Question

Initially, the switch is open for a long time and capacitors are uncharged. If it is closed at $t=0$ ,then

• A. The battery supplies power after switch is closed
• B. When the capacitors are fully charged, work done by the battery is $9\mu J$
• C. A long time after switch is closed, the heat generated in the circuit is $9\mu J$
• D. The ratio of energy stored in capacitor 'A' before and after the switch is closed is 1:1.

Answer 1

Answer: (A), (B), (D)

The correct options are
A The battery supplies power after switch is closed
B When the capacitors are fully charged, work done by the battery is $9\mu J$
D The ratio of energy stored in capacitor 'A' before and after the switch is closed is 1:1.

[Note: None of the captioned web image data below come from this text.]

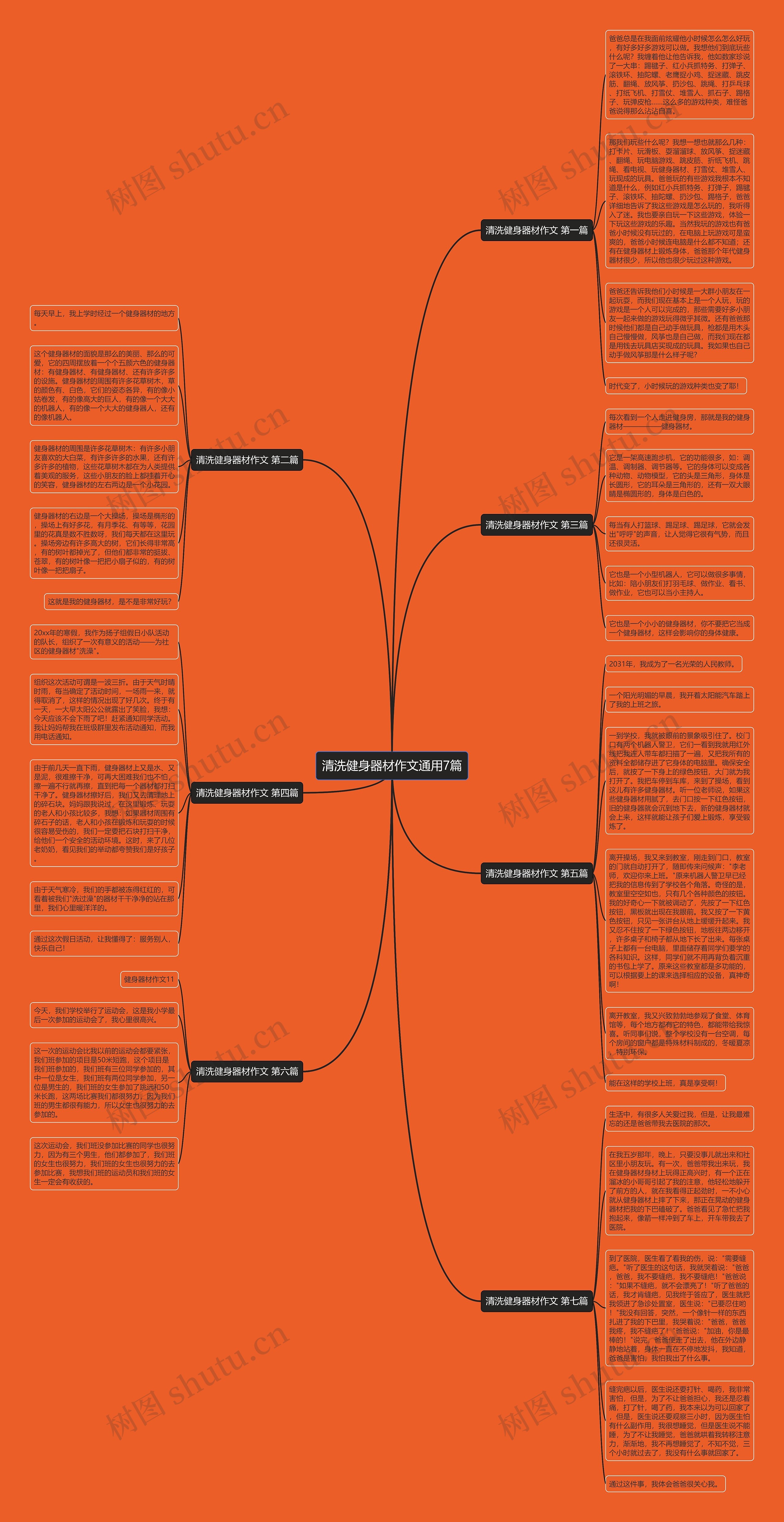 清洗健身器材作文通用7篇思维导图
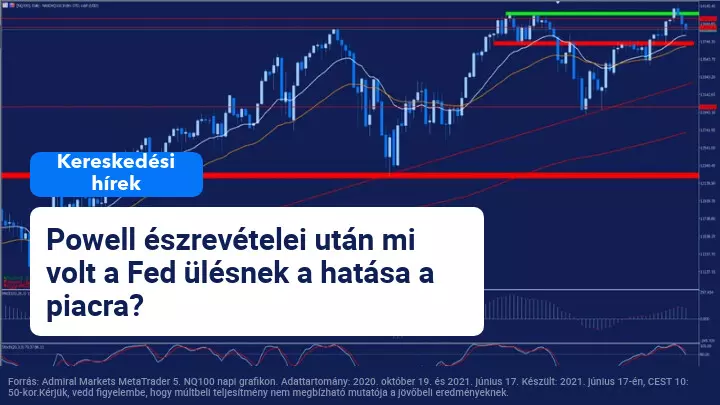 Jerome Powell kommentjei újabb pletykákat vetíthetnek elő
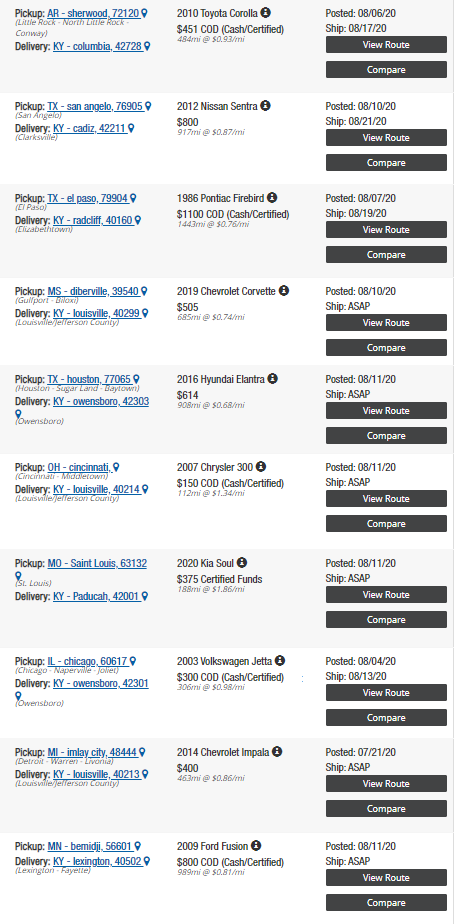 Auto transport prices from south to KY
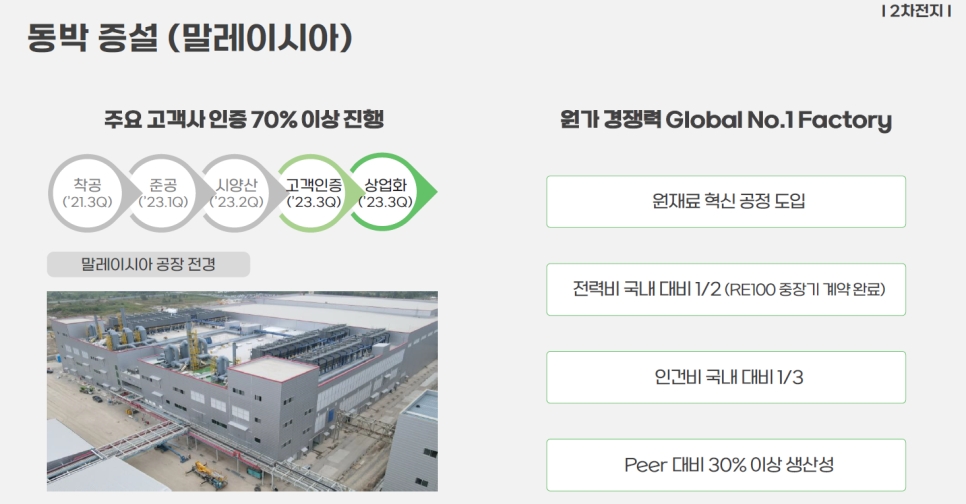 사진=SKC사업보고서 갈무리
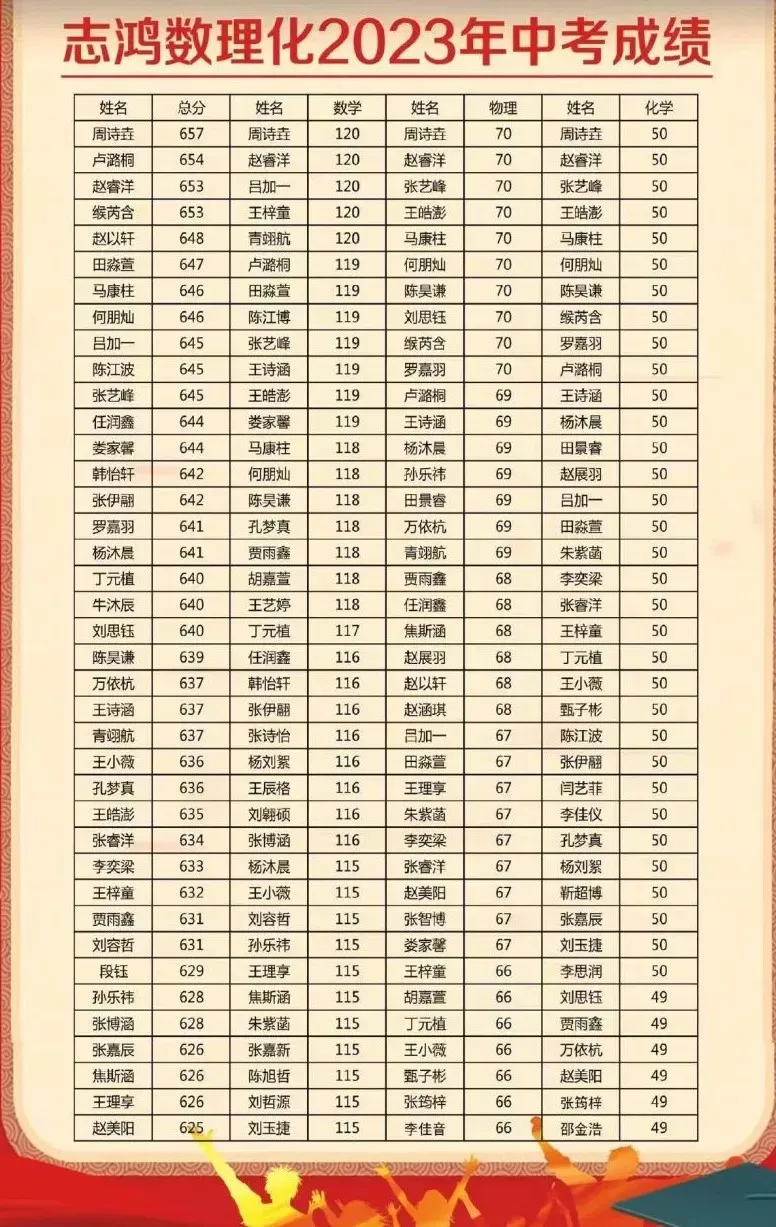 漯河实验中学&三中一模试卷&参考答案 第21张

1) When 'S' is open, charge in the circuit = $6\mu C$
When 'S' is closed, total capacitance = $3\mu F$
Total charge = $9\mu C$
Charge supplied by battery is $\Delta q=3\mu C$ $\text{Work done by battery,}{W}_B=3\times 3=9\mu V$
Initially energy stored in capacitor $U_i=\frac{1}{2}\times 2\times 3^2=9\mu J$
After a long time, energy stored in system
$U_f=\frac{1}{2}\left(3\right)3^2=\frac{27}{2}\mu J$
Using first law of thermodynamics, heat generated = $W_B+U_i-U_f=9+9-\frac{27}{2}=\frac{36-27}{2}=\frac{9}{2}\mu J$
The potential difference across the capacitor 'A' does not change.
Hence, the energy stored remains the same.